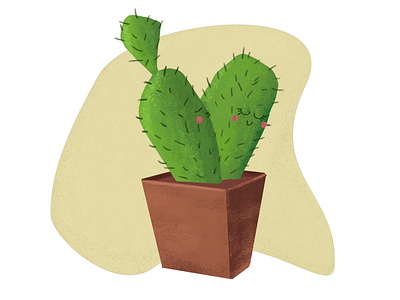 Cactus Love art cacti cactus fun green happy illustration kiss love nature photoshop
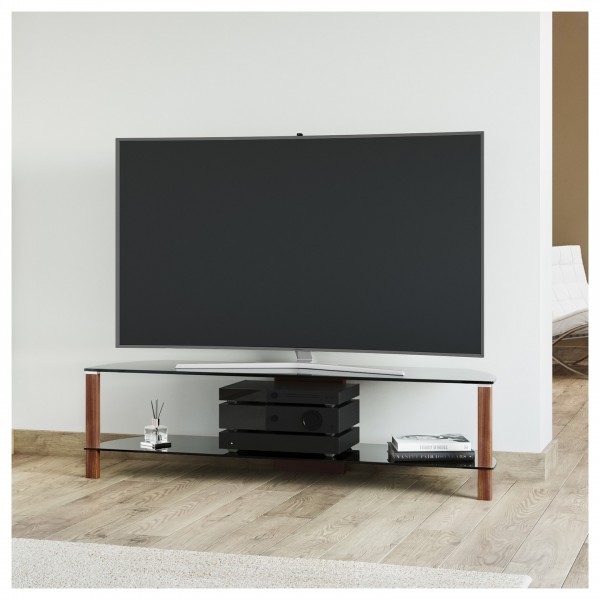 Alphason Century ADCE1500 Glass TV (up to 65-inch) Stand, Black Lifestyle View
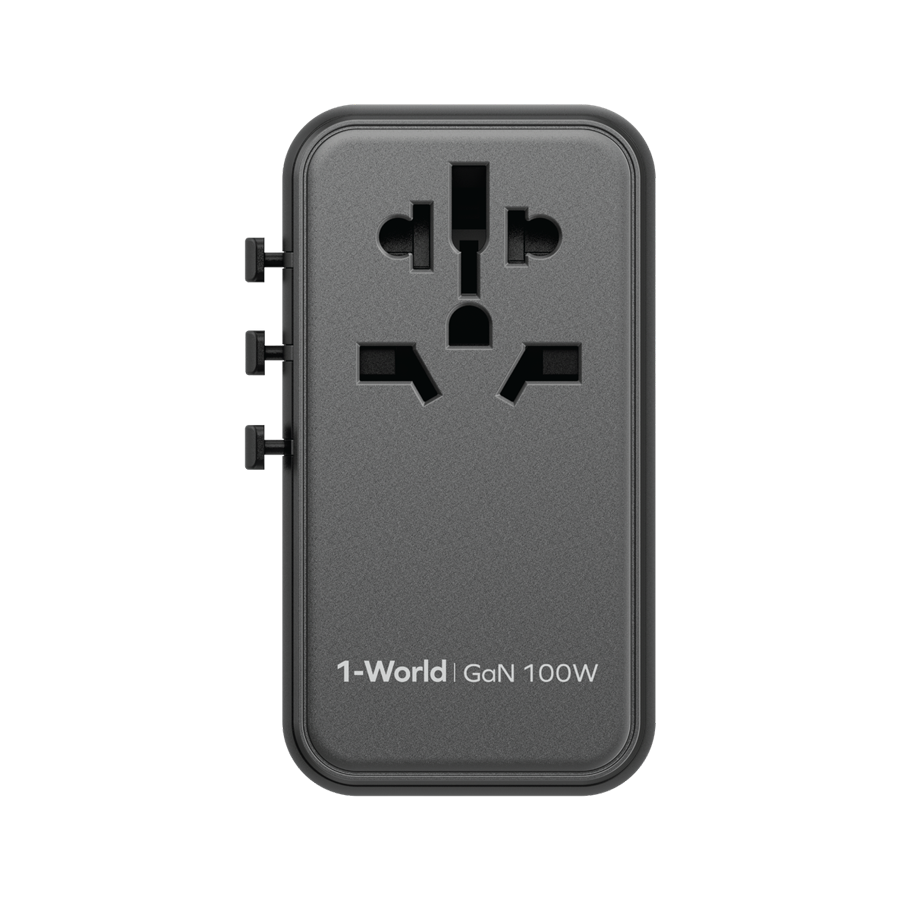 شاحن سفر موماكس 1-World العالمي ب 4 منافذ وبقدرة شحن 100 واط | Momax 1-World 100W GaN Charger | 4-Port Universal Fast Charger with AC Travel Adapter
---
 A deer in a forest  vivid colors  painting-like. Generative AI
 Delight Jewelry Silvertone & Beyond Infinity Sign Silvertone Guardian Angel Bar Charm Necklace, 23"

--- About this exercise ---
Keep to the lines above from the line with "Alphason Century ADCE1500" to the line with "شاحن سفر موماكس", and set down exactly those, inclusive, with nothing else and every picture left out.

--- Result for this task ---
 Alphason Century ADCE1500 Glass TV (up to 65-inch) Stand, Black Lifestyle View
 شاحن سفر موماكس 1-World العالمي ب 4 منافذ وبقدرة شحن 100 واط | Momax 1-World 100W GaN Charger | 4-Port Universal Fast Charger with AC Travel Adapter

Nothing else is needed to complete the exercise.